Polyurethane foams are prepared by reacting, in the presence of a blowing agent, polyisocyanates with active hydrogen containing substances such as hydroxyl containing polyesters and polyethers. Catalysts, such as organo-tin compounds and tertiary amines, and foam stabilizing surfactant/emulsifiers, such as silicone oils, are usually incorporated in the reaction mixture to control reaction rate, cell size and porosity. Due to the excellent properties of polyurethane foams, the usage of these foams for various applications has greatly increased over the last twenty to thirty years. For example, flexible polyurethane foam is used widely in comfort cushions (furniture, bedding, automotive); in textile (apparel, blankets); in industrial packaging and in insulation; as well as in household furnishings and the like. The versatility of polyurethane foam results in substantial part from the nature and variety of the starting materials as well as the manner in which the starting materials and the resultant foam are processed. Foams ranging widely in their properties--in density and stiffness, in tensile and tear, in resistance to compression set and fatigue, in flexibility and resilience, in durability and toughness and in hysteresis and char formation when exposed to flame--are obtained by selection and variation of the starting materials and processing conditions.
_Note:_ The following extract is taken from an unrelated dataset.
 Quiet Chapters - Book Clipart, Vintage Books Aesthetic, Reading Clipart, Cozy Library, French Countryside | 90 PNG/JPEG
Many applications require polyurethane foam which is fine celled. For example, cosmetic applicators are made of fine celled polyester polyurethane foams which have a soft tactile feel. Some filter applications require fine cell foam to achieve a required pressure drop. It is known in the industry that the fatigue resistance of polyurethane carpet cushions is improved if the foam is made as fine celled as possible. Current state-of-the-art foams achieve a fine cell structure with about 87 pores (cell faces) per linear inch. A finer cell size is not obtainable using current mechanical techniques.
This invention achieves pore sizes in excess of 87 pores per linear inch by a chemical method. The conventionally used toluene diisocyanate is completely or partially replaced by an isocyanate based on diphenyl methane diisocyanate and polymeric versions thereof. This type of isocyanate also provides the advantage of producing higher load bearing foams with reduced amounts of graft polyols.